# Given data
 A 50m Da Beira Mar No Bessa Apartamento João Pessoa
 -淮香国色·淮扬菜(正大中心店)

==

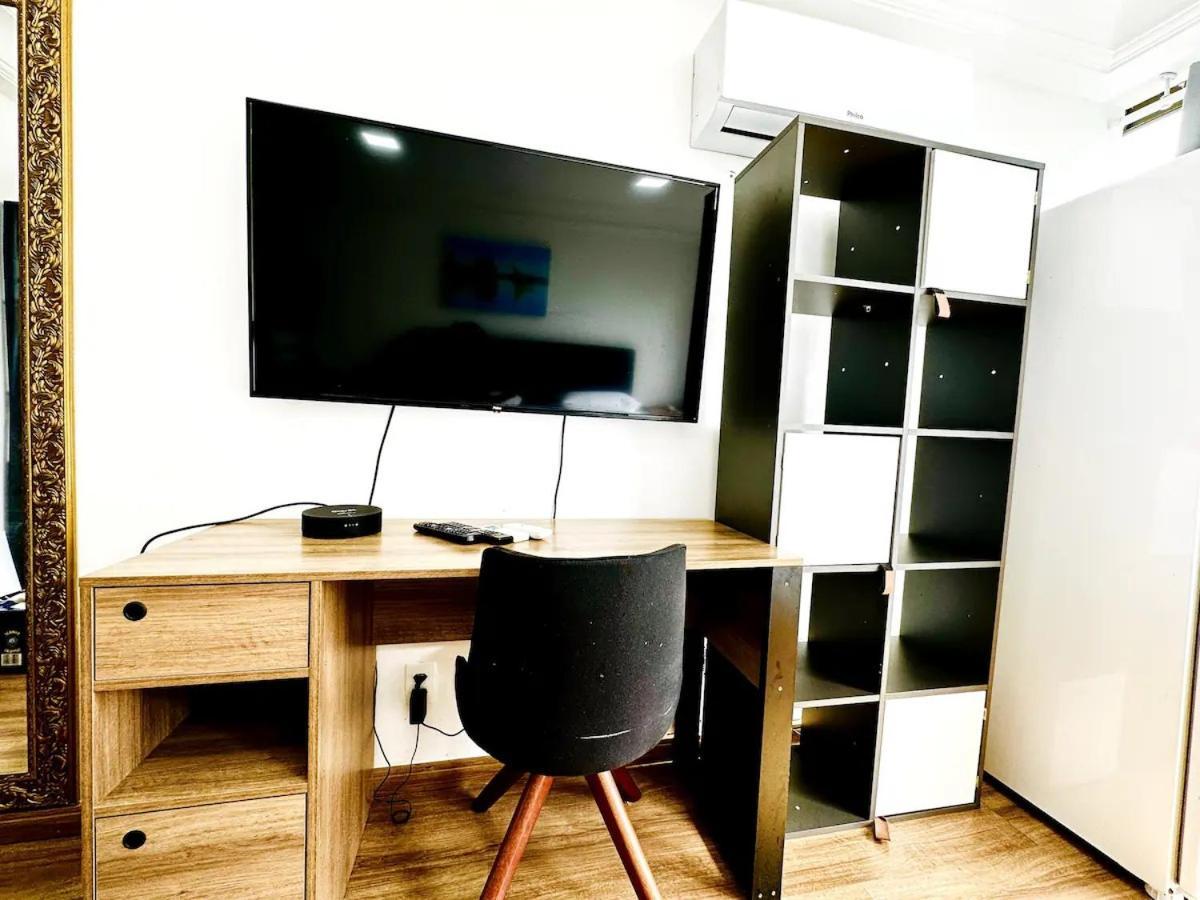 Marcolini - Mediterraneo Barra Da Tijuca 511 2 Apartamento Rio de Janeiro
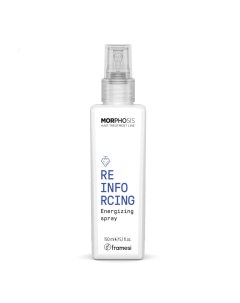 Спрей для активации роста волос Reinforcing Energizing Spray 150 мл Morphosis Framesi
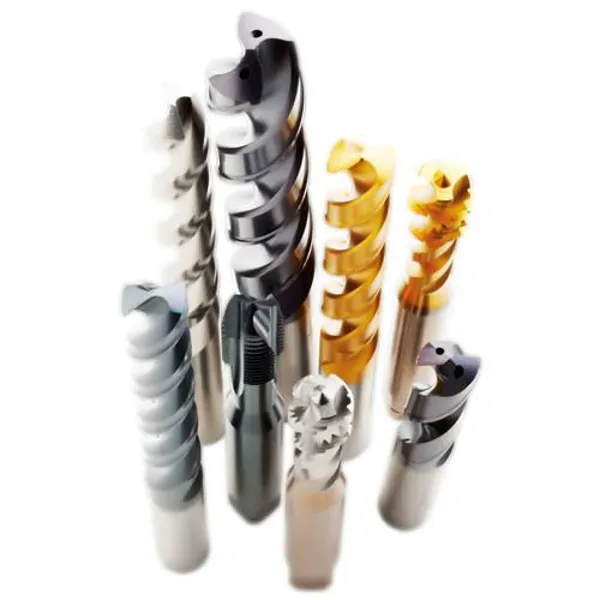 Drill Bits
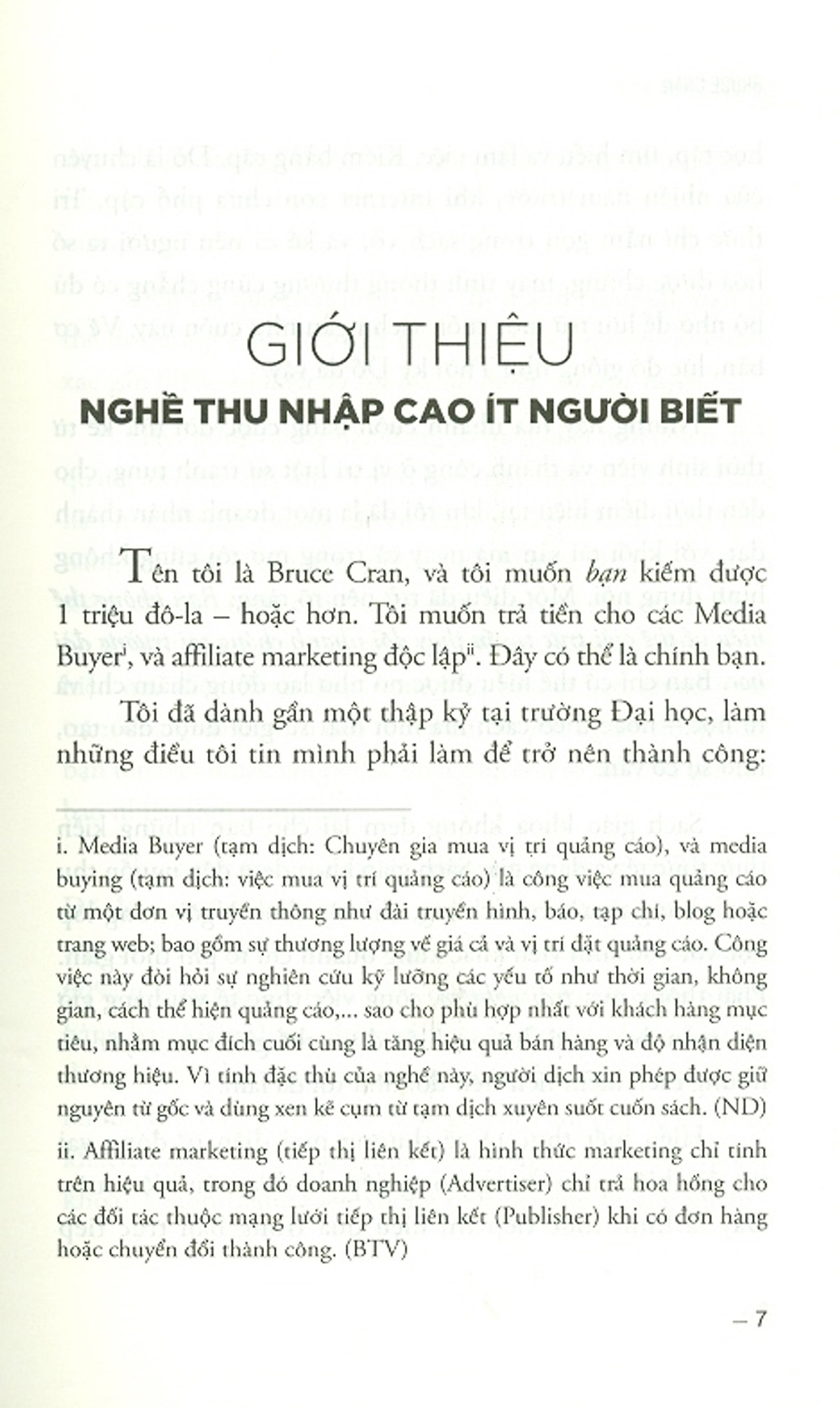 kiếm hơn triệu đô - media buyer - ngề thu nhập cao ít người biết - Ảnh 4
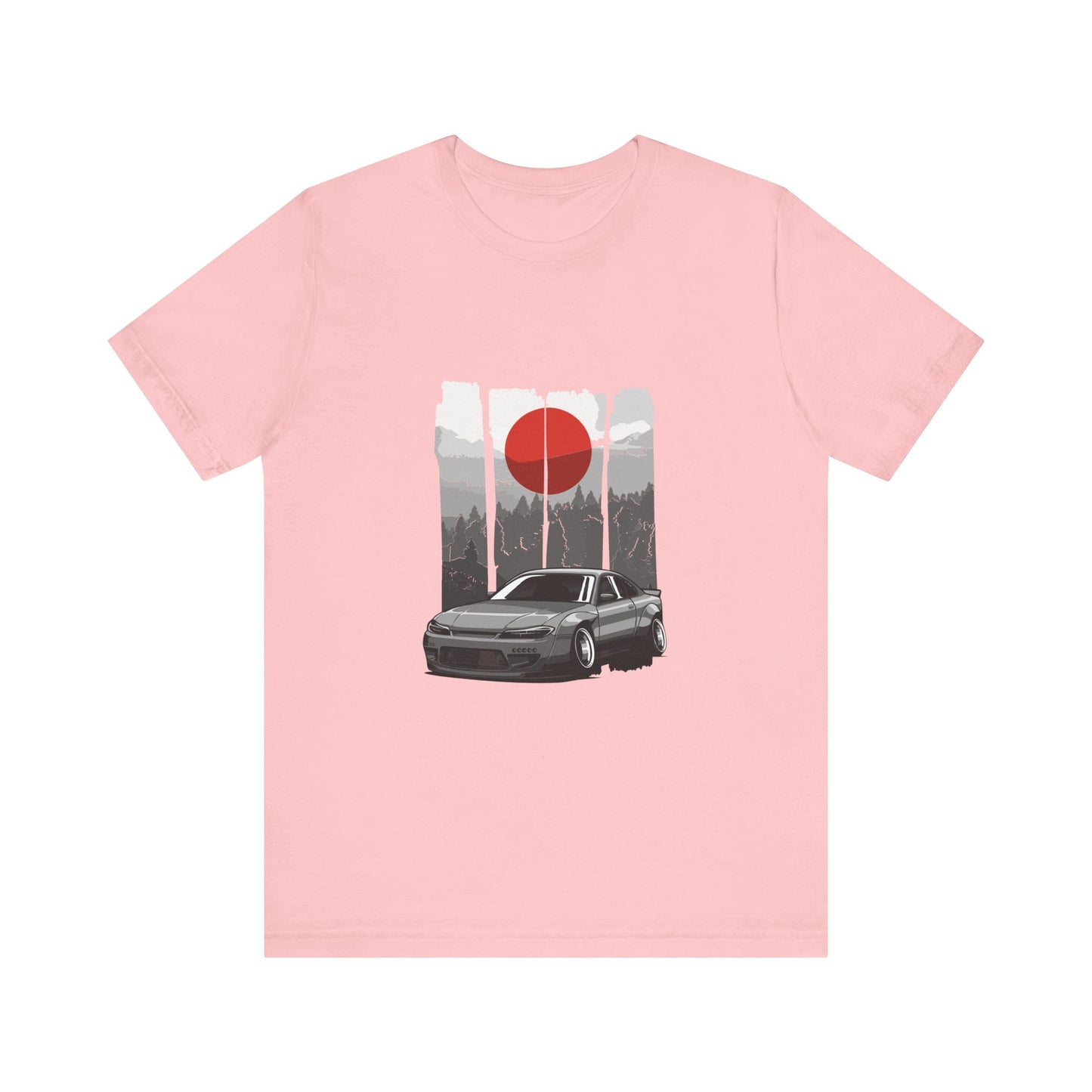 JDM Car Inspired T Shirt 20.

# Goal of the exercise
Among the entries above, the line containing "A 50m Da Beira", the line containing "-淮香国色·淮扬菜(正大中心店)", and all lines between them are to be restated word for word; nothing else belongs in the reply.

# Answer area
 A 50m Da Beira Mar No Bessa Apartamento João Pessoa
 -淮香国色·淮扬菜(正大中心店)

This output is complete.